A l’heure actuelle, les diverses propriétés des métabolites lichéniques et leurs applications font l’objet de nombreux travaux dans le monde. Des chercheurs spécialisés en pharmacognosie ont mis en évidence des propriétés photo-protectrices des lichens grâce à la présence de mycosporines à visée anticancéreuse pour lutter contre les mélanomes. [4] Cinq nouveaux composés extraits du lichen Parmotrema tsavoense ont montré des activités cytotoxiques sur les lignées cellulaires du carcinome hépatocellulaire du foie, du cancer du poumon, du cancer du sein. [5] Ces scientifiques ont également montré que l’atranorine, important métabolite de Stereocaulon evolutum, et certains analogues, interféraient à la fois sur l’entrée du virus de l’hépatite C dans la cellule humaine et sur la réplication du virus. [6] Même si les mécanismes d’action de ces substances antivirales restent encore à élucider, cela ouvre la voie vers la découverte de nouveaux traitements issus d’une ressource naturelle peu onéreuse. [7] (Figure 2)

 


Notes et références

[1] La théorie des signatures est un mode de compréhension du monde dans lequel l’apparence des créatures, principalement des végétaux, est censée révéler leur usage et leur fonction.
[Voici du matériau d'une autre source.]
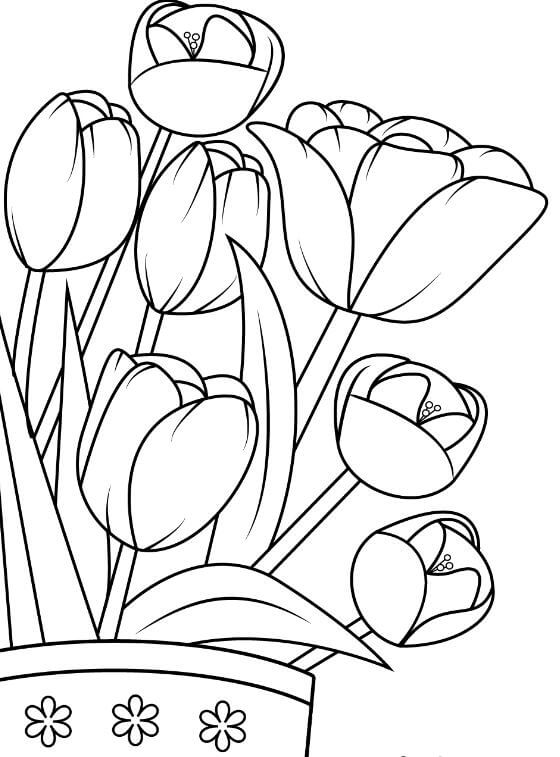 1001+ Tranh tô màu hoa Tulip đẹp và ý nghĩa 99 Thể hiện sự sáng tạo với tranh tô màu hoa Tulip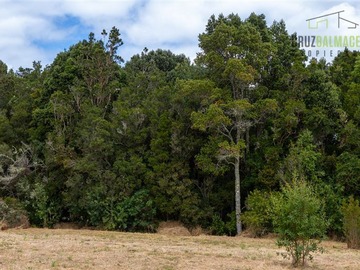 Parcela en venta en fundo las cumbres, Puerto Varas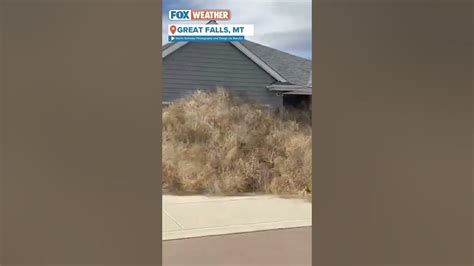 montana homes buried under tumbleweed youtube
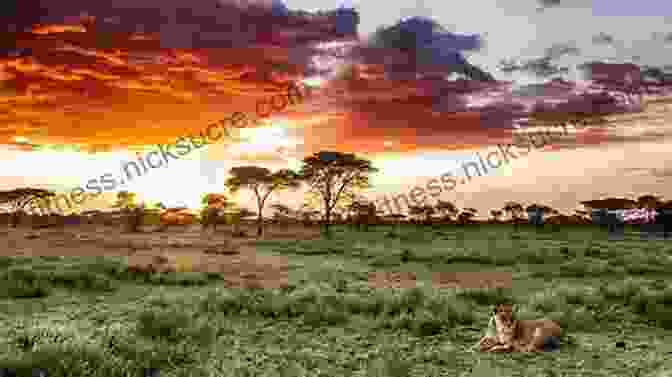 A Stunning Panorama Of The Serengeti Plains, Teeming With Wildlife. African Game Trails Theodore Roosevelt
Elle s’applique surtout aux plantes médicinales, en vertu de leurs pouvoirs thérapeutiques (Paracelse formule le principe similia similibus curantur « les semblables soignent les semblables »). Développée dans l’Occident médiéval et pendant la Renaissance, cette théorie disparaît du monde savant à partir du XVIIIe siècle.

[2] Cetraria islandica figure sur la liste officielle des plantes médicinales inscrites à la pharmacopée et que les pharmaciens ont l’autorisation de vendre (décret du 22 août 2008).

[3] Cocchietto, M., Skert, N. & Nimis, P.L. 2002- A review on usnic acid, an interesting natural compound. Die Naturwissenschaften, 89, 137-146.

[4] Roullier, C., Chollet-Krugler, M., Pferschy-Wenzig, E.M., Maillard, A., Rechberger, G.N., Legouin-Gargadennec, B., Bauer, R. & Boustie, J. 2011 – Characterization and identification of mycosporines-like compounds in cyanolichens. Isolation of mycosporine hydroxyglutamicol from Nephroma laevigatum Ach. Phytochemistry, 72, 1348–1357.

[5] Duong, T.H., chavasiri, W., Boustié, J. & Nguyen, N. 2015 – New meta-depsidones and diphenyl ethers from the lichen Parmotrema tsavoense (Krog & Swinscow), Parmeliaceae. Tetrahedron, 71, 52, 9684-9691.

[6] Vu, T.H. Le Lamer, A-C. , Lalli, C. Boustie, J. , Samson, M. , Lohézic-Le Dévéhat, F. & Le Seyec, J. 2015 – Depsides, lichen metabolites active against Hepatitis C virus, PLoS One, 10(3), 1-14.

[7] Plusieurs espèces de lichens (divers Parmelia, Evernia prunastri) peuvent entrainer des allergies de contact avec formation d’eczéma de la main à cause des acides évernique, fumarprotocétrarique etc. qu’ils contiennent. D’autres comme Letharia vulpina, espèce très riche en soralies, peut provoquer des éternuements et parfois même des saignements de nez.